Developing an Iterative Tracking Algorithm to Guide a Catheter Towards Atrial Fibrillation Rotor Sources in Simulated Fibrotic Tissue

Prasanth Ganesan1, Hussein Zilouchian1, Elizabeth Cherry2, Arkady Pertsov3, Behnaz Ghoraani1
1Florida Atlantic University, 2Rochester Institute of Technology, 3SUNY Upstate Medical University


Abstract

Locating atrial fibrillation (AF) rotor sources can help target ablation therapy for AF, but how to use the information provided by multi-polar diagnostic catheters to locate AF sources remains unclear. Our aim was to develop a catheter tracking algorithm to locate AF focal and rotor sources using a conventional 20-electrode circular catheter. We simulated rotor-driven arrhythmias in a 10cm x 10cm fibrotic human atrial tissue with single and double rotor cases using Nygren et al. ionic model with collagenous septa (average length 2.5 mm) characteristic of fibrosis. The rotor meandering path was a circuit line approximately 1.5 cm long through the center of the tissue. We modeled a Lasso catheter (Biosense Webster, Diamond Bar, CA) to obtain 10 bipolar electrograms. We have designed a new iterative catheter tracking algorithm, which guided the catheter to locate a rotor source on the atrial tissue. Sequential temporal activations around the circular catheter were tagged as a cycle, and cycle length (CL), total conduction delay (TCD, sum of conduction delays) and first activated bipole were identified.

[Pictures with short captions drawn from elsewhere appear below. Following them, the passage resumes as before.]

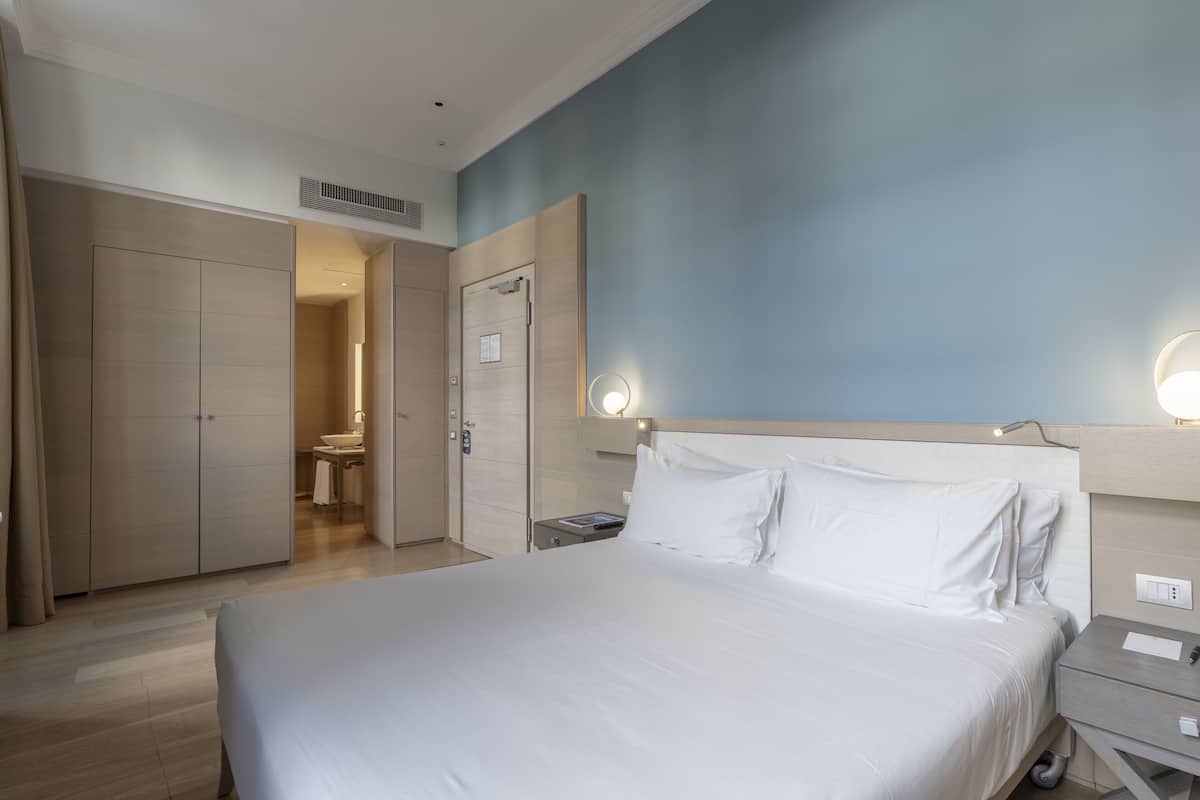Ein Hotelzimmer mit einem großen Bett, einem Nachttisch, einem Schrank und einem sichtbaren Badezimmer durch eine offene Tür.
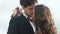 Close-up of beayutiful wedding couple kissing on wedding day. Young pretty girl embraces lovely handsome man
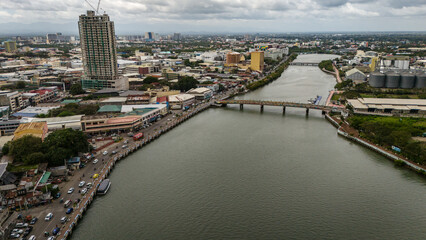 Obraz premium Panay Island, Iloilo City Cityscape skyline aerial drone view with river and downtown church 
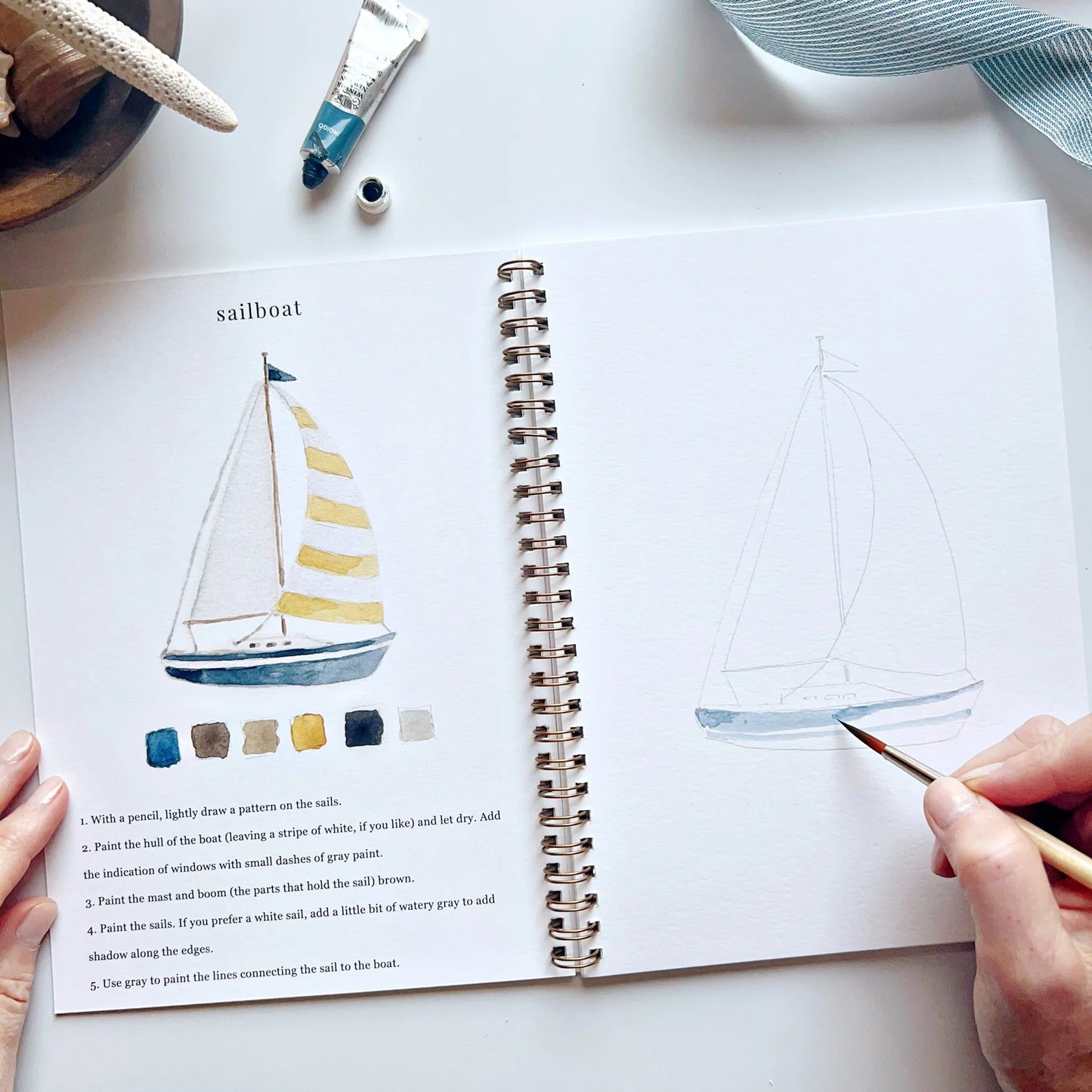 Person drawing a sailboat in a sketchbook with a color chart next to it.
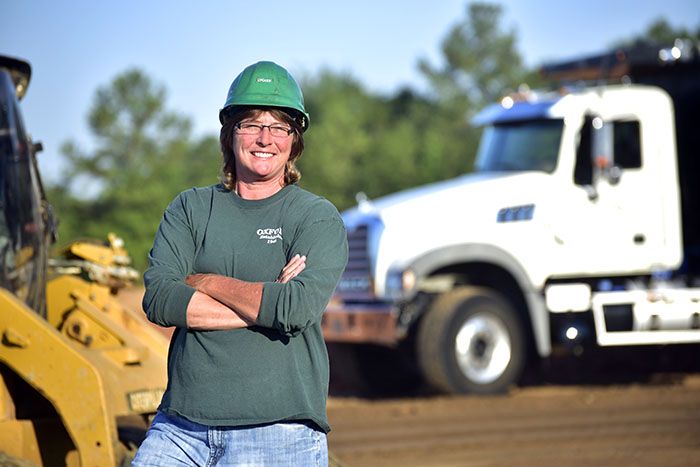 A female road construction worker smiles on site of a Georgia highway construction project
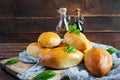 Traditional Russian cabbage pies on wooden background. Baked homemade pirozhki with cabbage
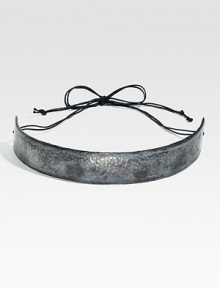 An oxidized finish lends a rustic look to this bold metal belt. Oxidized metal Cotton cord tie closure About 1 wide Imported 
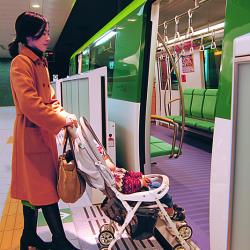 Photo of woman pushing a baby carriage across the minimal gap between the platform and train.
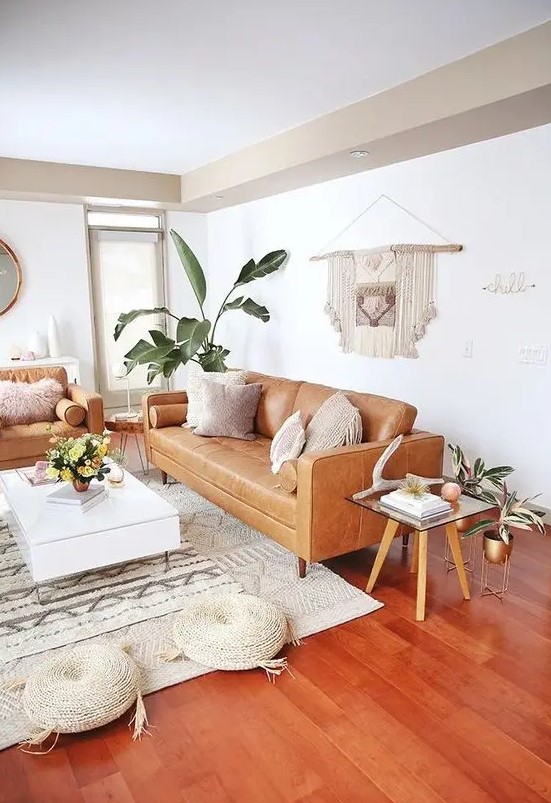 a mid-century modern to boho living room with tan leather furniture, a low white coffee table, woven poufs, a macrame hanging and potted plants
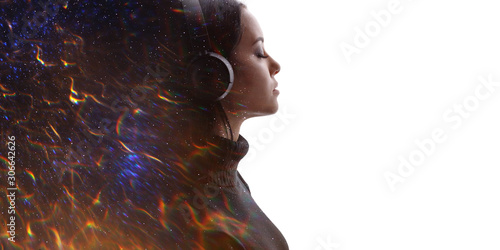 Portrait of woman in headphones listening music with closed eyes. Double exposure of female face, flashes of fire isolated on white background. Digital art. Free space for text.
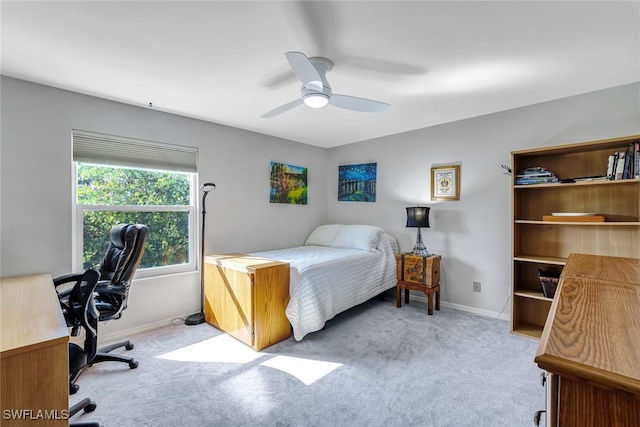 bedroom with light carpet, baseboards, and a ceiling fan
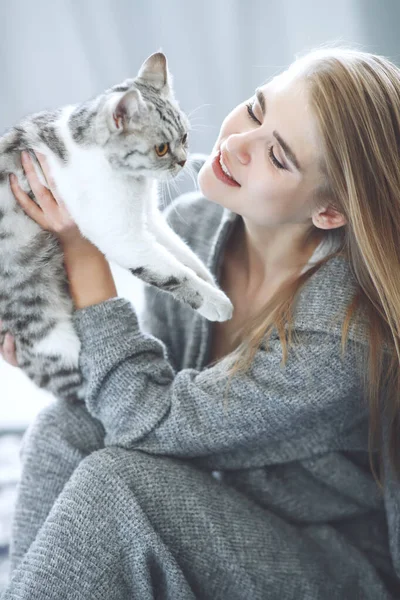 Красивая молодая женщина с милым котом отдыхает дома. — стоковое фото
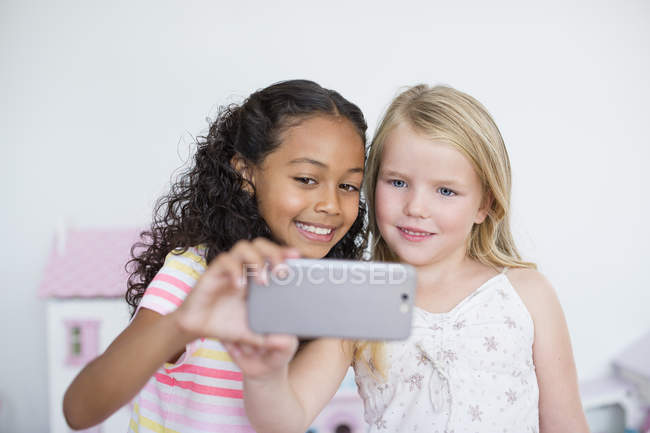 Smiling little girls taking selfie with camera phone — Stock Photo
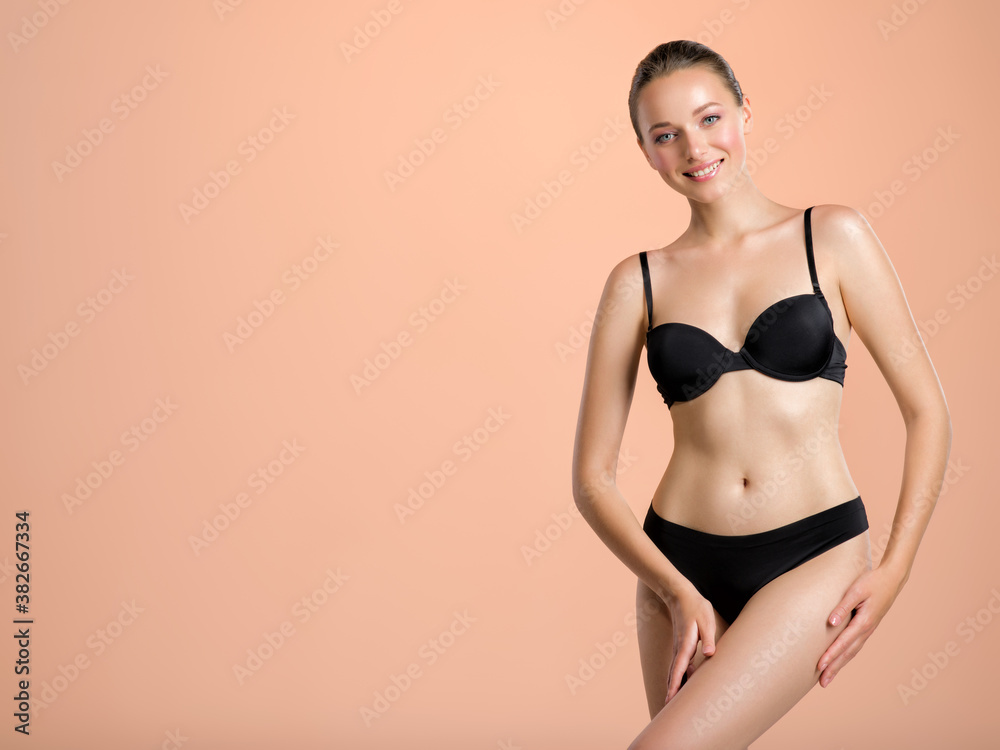 Fototapeta premium Young woman with a beautiful and healthy body. Sexy woman with a perfect body.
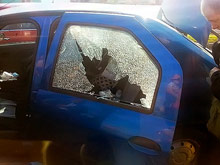 Одна из трех выпущенных по автомобилю пуль попала в заднюю левую дверь. Фото: Facebook
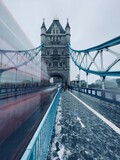 Fototapeta Londyn - Blurred Double Decker on Tower Bridge.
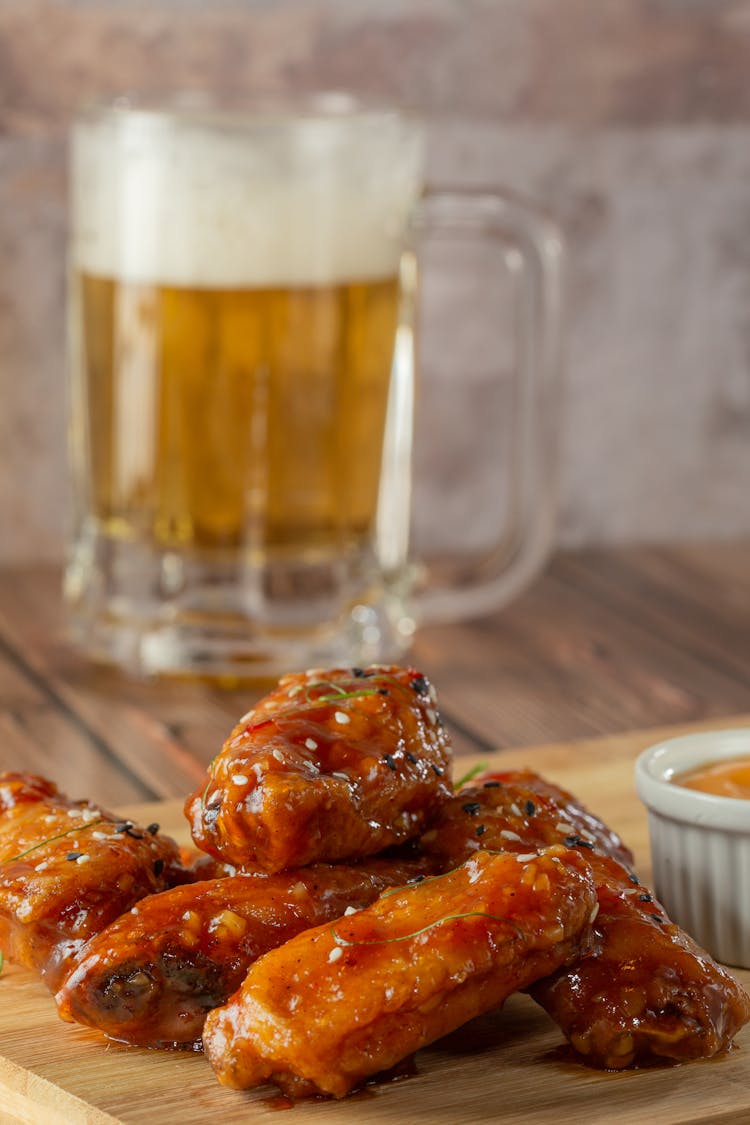 Chicken In Sesame Sauce And Beer Glass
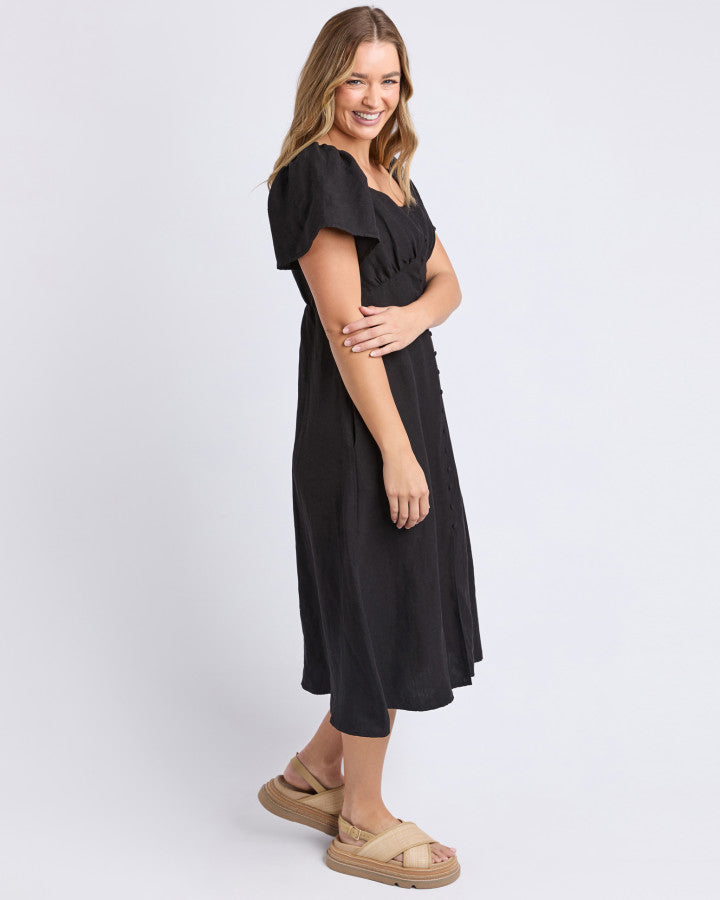 a black linen dress with pockets and sweetheart neckline by foxwood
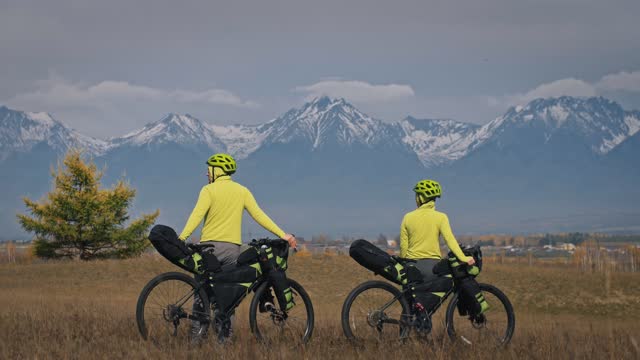 The man and woman travel on mixed terrain cycle touring with bikepacking. The love couple journey with tent in with bicycle bags. Stylish sportswear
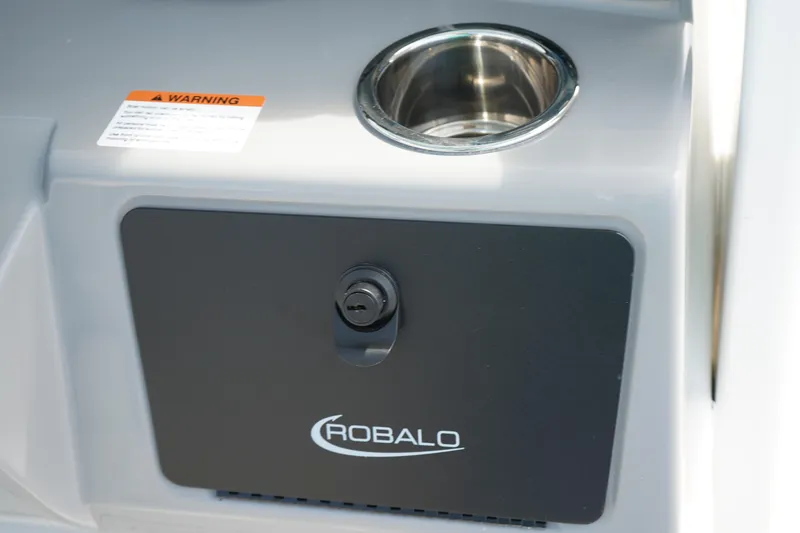 Slide: The Image of 2026 Robalo R250 Center Console boat detail with cup holder and storage compartment. - 26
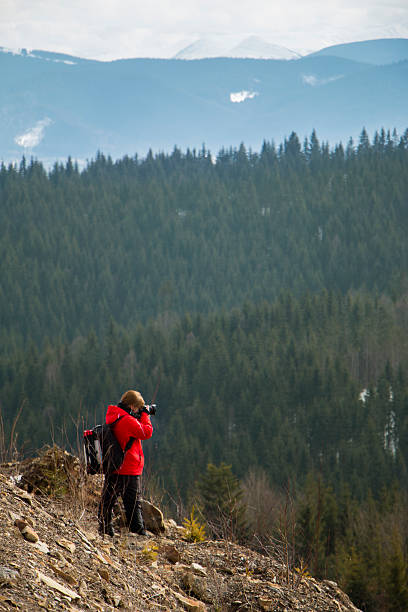 Photographer with mountains background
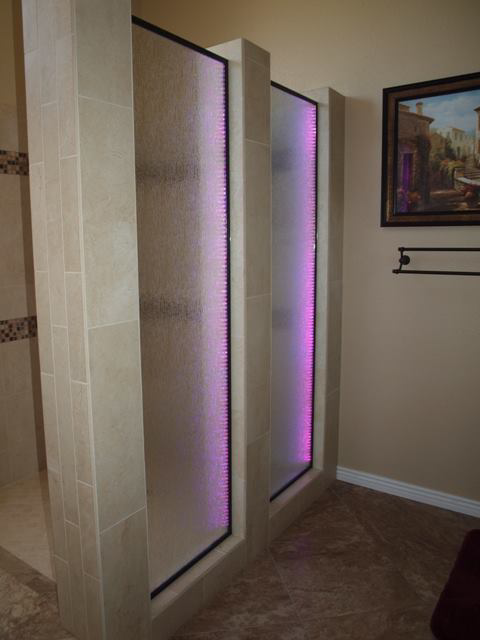 A modern shower area featuring custom illuminated glass panels installed by Cohaco Building Specialties in Peoria, AZ.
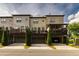 View of townhomes with rear garages and balconies at 10143 Windalier Way, Roswell, GA 30076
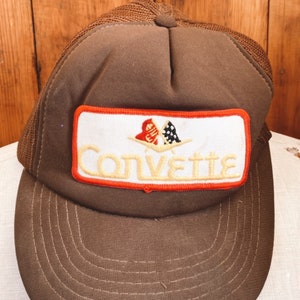 May include: Brown mesh trucker hat with a white patch that says "Corvette" in yellow lettering. The patch also features a red and white checkered flag and a red and white logo.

At every catheter placement, the algorithm located a rotor source if the rotor criterion of TCD/CL≥0.6 was met at two locations with less than 1cm apart. If not, it provided the location of the next catheter placement. This iterative process was repeated until a rotor source was located. We repeated the algorithm for 114,921 different initial catheter positions. The algorithm detected a rotor in all cases with a success rate of greater than 94% independently of the initial position of the catheter with an accuracy of 1.18±1.12 and 1.36±1.17 in single and double rotor cases, respectively. The developed algorithm successfully guided a Lasso catheter towards the center of a rotor on fibrotic tissue using only the electrograms and may allow for customized and improved AF ablation.